Once that’s done, practice your pitch. Practice it on your partners. Practice it on your siblings. Practice it on anyone that will listen. Then ask for brutal honesty in return. Look for the parts of your pitch that seem to lose the listener, and remove them. Also, make sure that when you’re done telling your startup’s story, you explain exactly how you intend to make money for the investor and what their exit strategy will look like (a sale to a bigger company, and IPO). Never lose sight of the fact that making money is all the investor really cares about, not your startup dreams.
Create the Right Appearance
Another vital part of securing startup funding is to make sure that you appear to be a safe bet for investors. To begin with, make certain that your personal credit is impeccable. If it isn’t, no credible investor will trust you with their money. This is especially true if you’ve taken on debt during the bootstrapping phase of your startup. If you can demonstrate that the business is already making enough money to pay any initial debt, that’s a big plus.
With your financial house in order, you should prepare your personal credentials to make them attractive to investors. By that, I mean securing industry certifications in your chosen field, and make sure that you have enough experience that’s relevant to the work your startup aims to do. If possible, you might even consider working toward an MBA online, because it will signal to investors that you’ll be just as good a business steward as you are a technology innovator – and that increases your odds of getting the funding your startup needs.
Pre-Develop Customer Interest
One of the most appealing assets a startup can have in the eyes of investors is demonstrable market interest in the product they aim to develop. For example, consider the AR startup Magic Leap. They raised a total of $2.3 billion in financing before ever having a working product. They did it on the strength of their idea and the massive amount of interest it generated both in the press as well as among consumers.
Magic Leap is living proof of the reality that social proof is now just as important as your startup’s actual track record in convincing investors that you’re a good bet. At the very least, getting mentioned by important investors on social media increases your startup’s exposure to others in their peer group, which expands your opportunities to secure financing. Of course, the Magic Leap example also teaches us that your startup had better produce results – so don’t let your social fame get in the way of doing the hard work it will take to succeed.
Don’t Fear the Word No
The last and most important thing you can do to help your startup secure the funding it needs is to let go of the fear of rejection. The reality is that there’s almost no chance that you’ll find a willing investor right away, and you’ll likely face multiple rejections in the early going. The key to success is to not let the setbacks bother you. Instead, treat each rejection as a learning experience. Ask questions. Mine the investors you meet with for as much insight as time allows. They may point out a deficiency in your plan that you hadn’t thought of. Remember, the typical investor hears innumerable pitches. If they’re concerned about something, you should be too.
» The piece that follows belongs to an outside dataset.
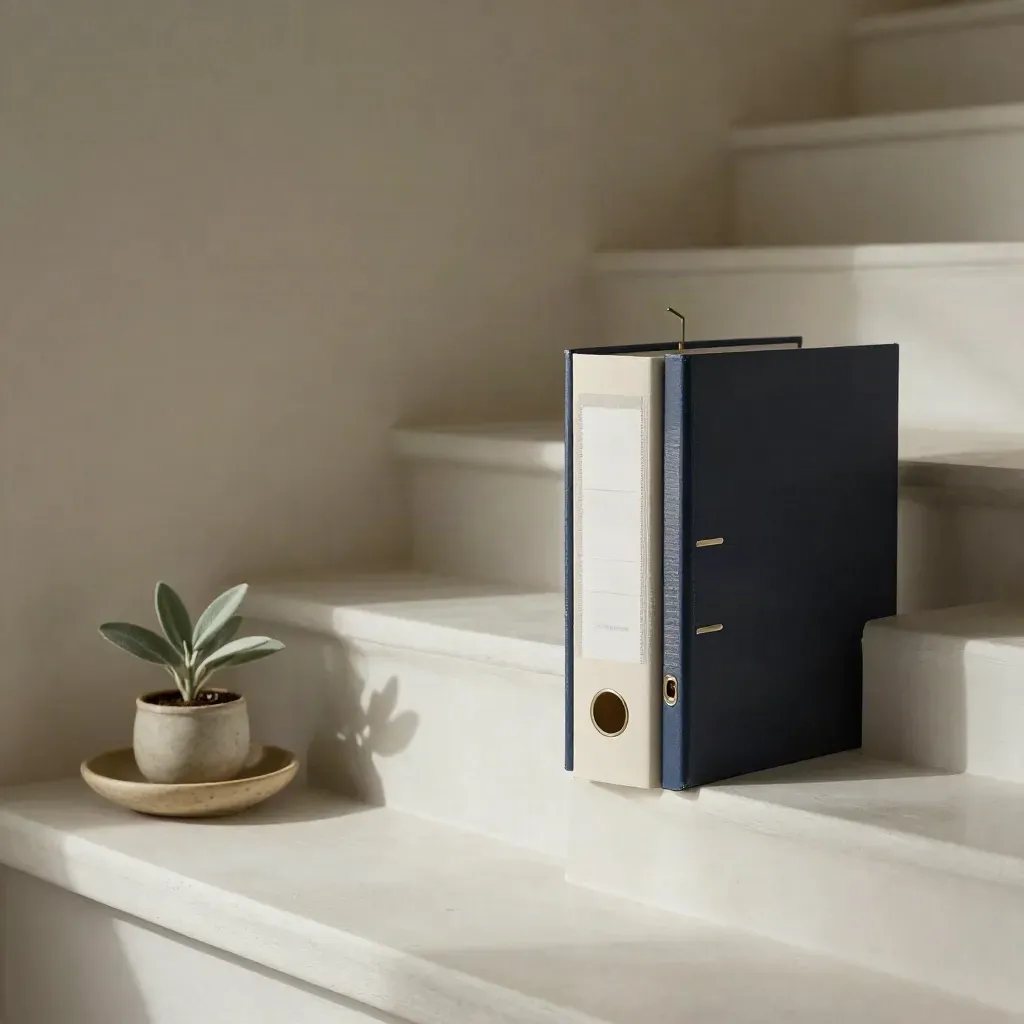 Slim binders climb a shelf beside a plant and dish in quiet daylight.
To sum it up, don’t give up. Perseverance is the most important trait of any successful entrepreneur, and your passion for your idea will be just as contagious to the investors you pitch. All that you need to do is eliminate any weaknesses in your presentation and find an investor that’s a good fit. If you’re lucky (and good), that will happen no matter what the odds. If you take the advice spelled out here, though, those odds should be a little more in your favor.